WAILUKU - Even though the Central Pacific Hurricane Center is forecasting a near-normal or below-normal hurricane season that doesn't mean residents should be complacent about monitoring the weather or being prepared for a storm, a Kihei weather analyst said.
Last week, the center forecast three to five tropical cyclones forming in the Central Pacific during the 2009 hurricane season, which begins June 1 and ends Nov. 30. An average season has four or five.
Tropical cyclones include tropical depressions, tropical storms and hurricanes.
"That's not a call for not paying attention," said Glenn James, senior weather analyst at the Pacific Disaster Center in Kihei.
He said a near-normal or below-normal hurricane season doesn't mean that tropical cyclones will be of less intensity, as forecasters cannot predict the intensity of storms.
James stressed that now is the time for people to start paying more attention to the weather and get prepared.
* WHAT: Hurricane Season Preparedness
Workshop will focus on the 2009 hurricane
season outlook and will feature experts from the National Weather Service.
* WHEN: 3 to 5 p.m. Friday
* WHERE:?Pacific Disaster Center, 1305 N. Holopono St., Suite 2, Maui Research and
Technology Park, Kihei.
* To register:?Available to about 100 participants. To reserve a spot, call Jen Stolpe at the center at 891-0525 or send e-mail to email@example.com.
The Pacific Disaster Center will hold a public workshop on "Hurricane Season Preparedness" from 3 to 5 p.m. Friday at its headquarters in Kihei.
Speakers will include meteorologists from the National Weather Service Honolulu Forecast Office. They are Meteorologist-in-Charge Jim Weyman and Warning Coordination Meteorologist Ray Tanabe.
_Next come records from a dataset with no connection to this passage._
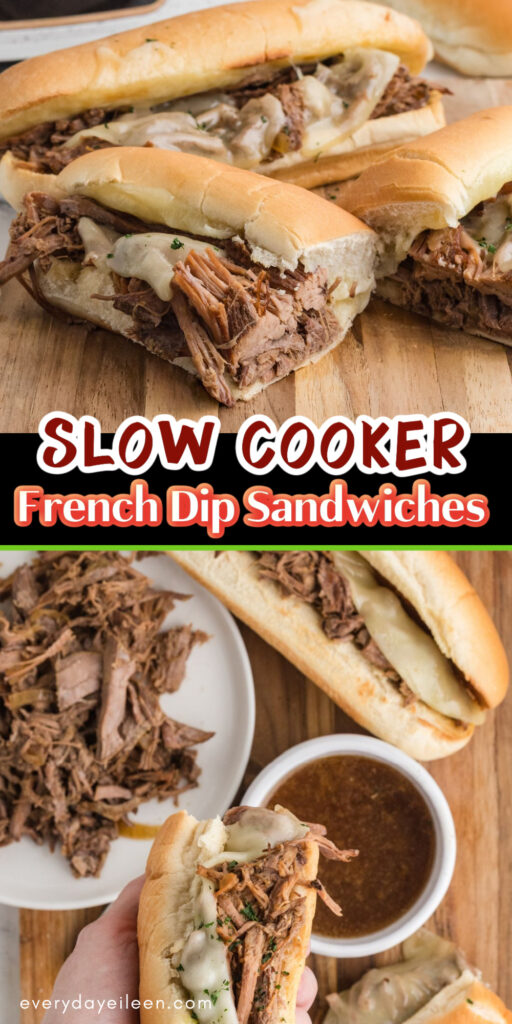 Slow cooker French Dip Sandwiches Pinterest Pin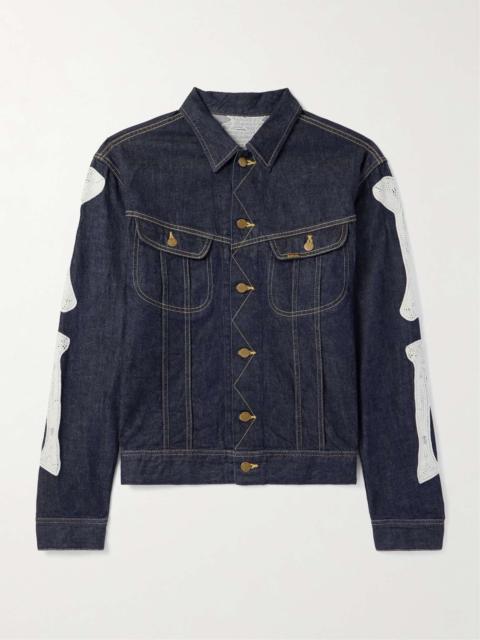 Mexican Tuxedo Crochet-Trimmed Denim Jacket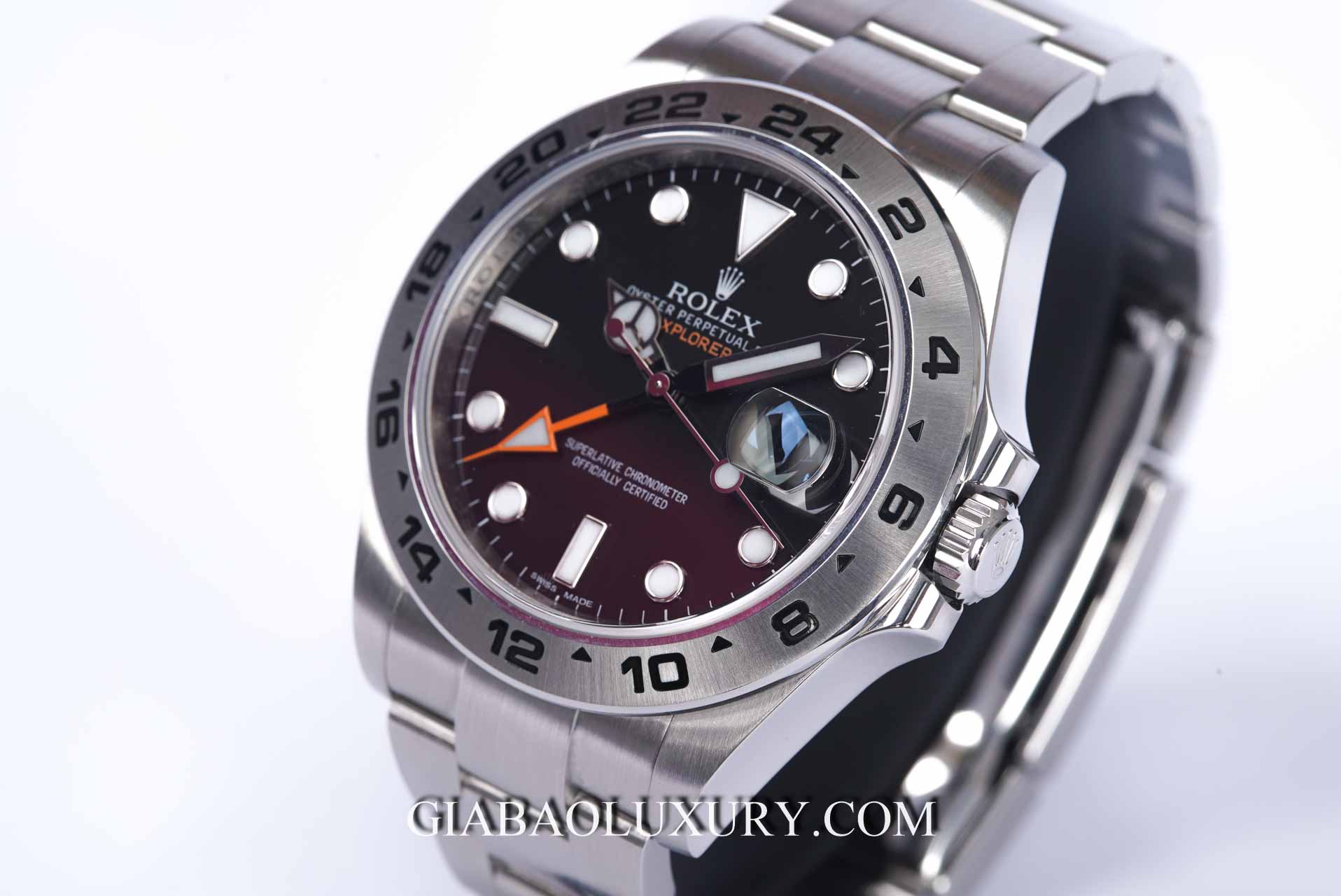 Dây khóa Rolex Explorer II 216570 mặt đen tại Gia Bảo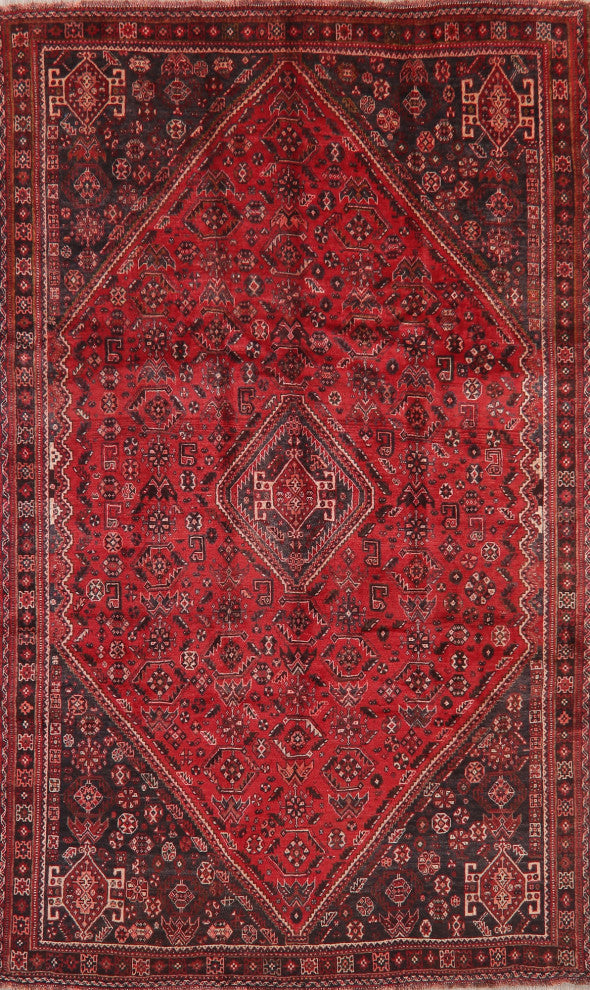 Consigned, Oriental Vintage Traditional Hand-Knotted Persian Area Rug, Red, 6x9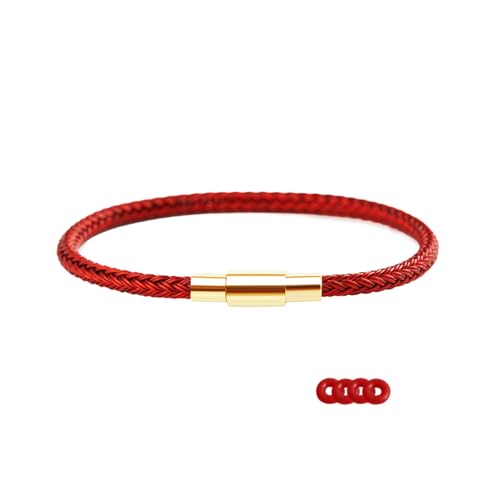 POYAMUSE Braided Steel Wire Bracelet for Women Men Adjustable Fashion Jewelry Gift Classic Black Rope with Gold Clasp 3mm Minimalist Wristband - Red 19cm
The Pacific Disaster Center's Executive Director Ray Shirkhodai and James will also participate.
James said anyone curious about hurricanes, emergency responders and residents of oceanfront home or buildings are encouraged to attend.
Officials will be able to address various questions, including those that come up often from residents, such as why Kauai has been hit multiple times by hurricanes while Maui has not.
James said the last time that Maui was hit directly by a hurricane was in the 1870s. The Kohala Hurricane first hit the Big Island, then hit the Valley Isle.
But in the past 50 years, Kauai has suffered the brunt of the damage from Hurricanes Dot in 1959, Iwa in 1982, and Iniki in 1992.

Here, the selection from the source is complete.